Read Hiddensee: A Tale of the Once and Future Nutcracker Page 3


  8.

  At this point it would be false to say the world sang to Dirk in his new freedom. It may have been singing, but not to him; or he was deaf, unschooled in such melodies. He tramped along, aware of his bruises and aches, unaware of shafts of Rheingold light, birdsong, malodorous water cabbage, rococo flourishes of ivy along the boughs of ancient oaks.

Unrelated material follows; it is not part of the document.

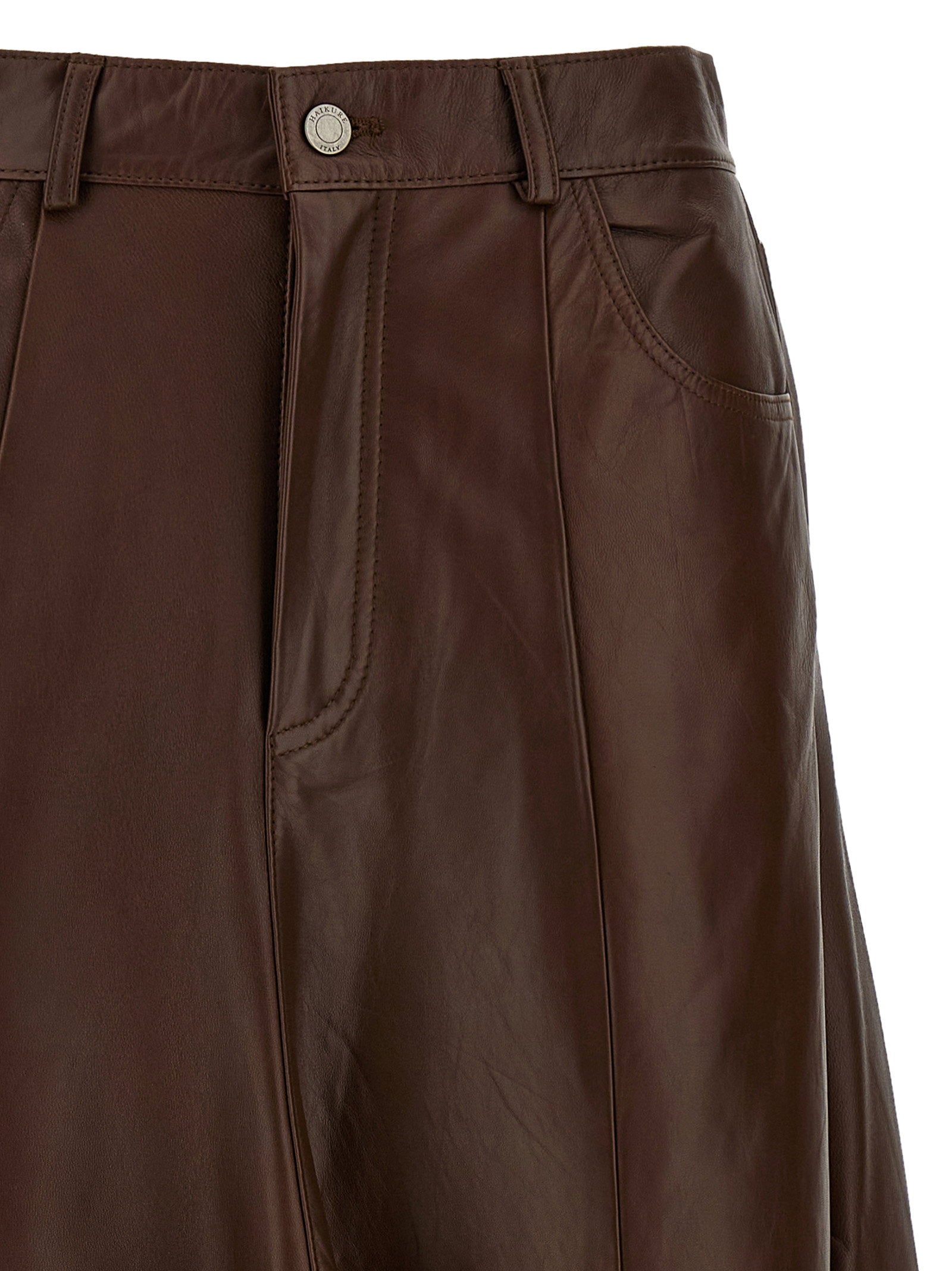 Haikure Women's Mid Serenity Leather Skirt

  A bit of a dolt, that is to say.

  The farther he got from the waldhütte, the more indistinct it grew in his mind. As if he’d never lived there. Peculiar, especially since he had never lived anywhere else.

  The light was rational and the shadow romantic, and he could sense a purring tension, but he had no words, no references by which to articulate it. And no one to tell it to.

  The one thing he did notice was the water. It seemed every time he crested a slope and walked or slid down the other side, he found a stream at the bottom.

  You can’t be so surprised; where else is mountain water to go? It doesn’t just stand upright on the tops of ridges, picking its nose, said the figure on the knife in his hand.

  Of course, knives don’t talk. Dirk suspected he was imagining things out of worry. Nonetheless, to be polite, he asked the knife which way he should go.

  If what you want is to live among your kind, then follow the next substantial stream, said the knife. It will end in a lake or a river. People tend to gather on those shores. They will provide interest and possibly supper. But if what you want is to be unencumbered by human sorrow, keep to the forest. True, the forest is full of appetites on four legs. You might easily satisfy one of them before you know it. Your bearskin cloak will conceal you only so long. But you will be free until the forest catches up with you. And I’ll be free when you let me go. I’ve waited this long, I suppose I can hold my temper until then.

  The hours passed. The light shifted. Everything nearby looked the same, but the depths of the forest were growing blacker. When Dirk approached a newly fallen tree that spanned a river, a little brown bird emerged from the greyed, papery leaves that still clung to its branches. You’ll have to cross eventually, said the bird.

  Birds don’t talk, he said, trying his foot on the muddy roots to see how stable the tree might be.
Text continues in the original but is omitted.